For example, here's an example Entrezgene-Set:

http://eutils.ncbi.nlm.nih.gov/entrez/eutils/efetch.fcgi?db=gene&id=3014,85235&rettype=asn1&retmode=text

which used to be the same as a concatenation of:

http://eutils.ncbi.nlm.nih.gov/entrez/eutils/efetch.fcgi?db=gene&id=3014&rettype=asn1&retmode=text
http://eutils.ncbi.nlm.nih.gov/entrez/eutils/efetch.fcgi?db=gene&id=85235&rettype=asn1&retmode=text

This is something new. I don't know exactly when it was introduced but
must have been sometime in the last 2 months.

I don't know about other programming languages, but at least in Perl
there is no module able to parse this files. I have already contacted
the author of the module responsible for reading the non-set
Entrezgene with a patch but who knows when it will made available.

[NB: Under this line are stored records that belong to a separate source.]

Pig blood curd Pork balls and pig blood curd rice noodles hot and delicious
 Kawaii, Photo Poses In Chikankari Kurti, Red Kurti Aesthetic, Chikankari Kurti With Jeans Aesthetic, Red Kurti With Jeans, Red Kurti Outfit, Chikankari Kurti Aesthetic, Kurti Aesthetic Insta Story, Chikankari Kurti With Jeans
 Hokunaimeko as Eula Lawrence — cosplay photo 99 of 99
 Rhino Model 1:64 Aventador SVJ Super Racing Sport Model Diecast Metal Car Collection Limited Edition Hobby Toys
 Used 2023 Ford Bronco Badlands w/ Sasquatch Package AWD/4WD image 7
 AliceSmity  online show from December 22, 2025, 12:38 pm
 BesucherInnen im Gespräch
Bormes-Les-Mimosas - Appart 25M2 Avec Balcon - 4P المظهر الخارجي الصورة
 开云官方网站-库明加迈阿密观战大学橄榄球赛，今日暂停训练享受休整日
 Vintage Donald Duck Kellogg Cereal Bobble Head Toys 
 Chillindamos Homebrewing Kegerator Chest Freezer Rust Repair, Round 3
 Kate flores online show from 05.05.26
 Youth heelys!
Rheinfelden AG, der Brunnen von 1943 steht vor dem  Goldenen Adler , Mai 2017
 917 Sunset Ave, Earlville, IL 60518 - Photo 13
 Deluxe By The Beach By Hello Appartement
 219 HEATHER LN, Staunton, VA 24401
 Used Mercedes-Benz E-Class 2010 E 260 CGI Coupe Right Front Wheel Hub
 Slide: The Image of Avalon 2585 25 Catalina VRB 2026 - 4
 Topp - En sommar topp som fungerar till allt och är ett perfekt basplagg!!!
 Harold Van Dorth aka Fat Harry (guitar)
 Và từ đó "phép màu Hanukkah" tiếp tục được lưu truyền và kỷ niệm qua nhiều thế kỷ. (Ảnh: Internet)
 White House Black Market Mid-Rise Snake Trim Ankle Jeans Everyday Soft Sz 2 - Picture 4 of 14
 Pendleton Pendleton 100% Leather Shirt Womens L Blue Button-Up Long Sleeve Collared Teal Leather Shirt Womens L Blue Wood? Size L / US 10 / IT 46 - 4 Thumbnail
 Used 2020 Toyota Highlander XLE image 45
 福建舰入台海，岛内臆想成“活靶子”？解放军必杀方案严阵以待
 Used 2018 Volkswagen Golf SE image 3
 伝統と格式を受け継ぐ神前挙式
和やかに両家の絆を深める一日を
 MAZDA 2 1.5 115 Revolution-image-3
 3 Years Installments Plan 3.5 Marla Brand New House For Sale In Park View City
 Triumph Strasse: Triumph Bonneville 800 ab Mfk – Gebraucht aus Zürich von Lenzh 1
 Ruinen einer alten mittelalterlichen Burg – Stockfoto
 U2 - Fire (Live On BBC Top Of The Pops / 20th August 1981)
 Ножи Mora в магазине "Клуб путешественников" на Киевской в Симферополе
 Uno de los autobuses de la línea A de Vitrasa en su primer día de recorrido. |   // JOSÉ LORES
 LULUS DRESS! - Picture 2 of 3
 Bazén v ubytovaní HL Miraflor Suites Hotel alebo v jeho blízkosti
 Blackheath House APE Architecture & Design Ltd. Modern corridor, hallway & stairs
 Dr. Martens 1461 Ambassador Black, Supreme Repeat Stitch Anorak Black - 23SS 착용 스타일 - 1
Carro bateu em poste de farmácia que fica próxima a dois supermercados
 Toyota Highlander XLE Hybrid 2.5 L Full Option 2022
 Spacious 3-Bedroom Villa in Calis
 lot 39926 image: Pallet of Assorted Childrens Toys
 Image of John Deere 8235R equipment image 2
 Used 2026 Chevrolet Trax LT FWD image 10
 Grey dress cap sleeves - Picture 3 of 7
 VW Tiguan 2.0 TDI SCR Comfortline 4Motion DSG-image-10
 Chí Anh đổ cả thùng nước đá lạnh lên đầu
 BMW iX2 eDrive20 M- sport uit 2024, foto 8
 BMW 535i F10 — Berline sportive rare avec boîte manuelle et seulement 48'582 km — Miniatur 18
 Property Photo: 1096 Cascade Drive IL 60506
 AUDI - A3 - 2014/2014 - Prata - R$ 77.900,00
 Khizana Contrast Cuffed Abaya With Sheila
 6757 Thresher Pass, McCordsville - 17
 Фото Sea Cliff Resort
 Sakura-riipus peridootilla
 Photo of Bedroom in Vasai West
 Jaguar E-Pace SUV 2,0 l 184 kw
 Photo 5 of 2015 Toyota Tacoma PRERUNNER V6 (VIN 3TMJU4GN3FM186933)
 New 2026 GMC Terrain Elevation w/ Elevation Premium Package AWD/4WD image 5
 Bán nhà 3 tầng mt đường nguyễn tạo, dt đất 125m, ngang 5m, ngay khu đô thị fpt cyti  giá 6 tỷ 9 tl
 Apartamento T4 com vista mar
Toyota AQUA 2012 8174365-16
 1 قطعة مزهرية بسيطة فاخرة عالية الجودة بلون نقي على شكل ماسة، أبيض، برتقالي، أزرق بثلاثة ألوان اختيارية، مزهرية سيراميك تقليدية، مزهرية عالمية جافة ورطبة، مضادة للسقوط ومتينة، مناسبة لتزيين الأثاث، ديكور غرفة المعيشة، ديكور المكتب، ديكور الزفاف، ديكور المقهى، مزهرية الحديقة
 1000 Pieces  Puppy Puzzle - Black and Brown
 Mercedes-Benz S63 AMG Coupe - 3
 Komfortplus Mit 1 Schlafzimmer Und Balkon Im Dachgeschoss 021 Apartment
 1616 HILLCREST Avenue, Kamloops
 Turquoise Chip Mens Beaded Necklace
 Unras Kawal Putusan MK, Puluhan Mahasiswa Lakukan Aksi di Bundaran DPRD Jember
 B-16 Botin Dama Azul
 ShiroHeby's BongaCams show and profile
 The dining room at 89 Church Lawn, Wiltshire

The
only workaround is to make multiple requests, one for each UID, which
will obviously annoy your servers.

As far as I am aware, there was no notification of this change to
E-utilities, which worked fine for many years. We did have a lot of
code that worked fine for years, until it started to fail last month.
And no one using perl will be able to parse them until a fix is
released. Is there anyway this change can be reverted?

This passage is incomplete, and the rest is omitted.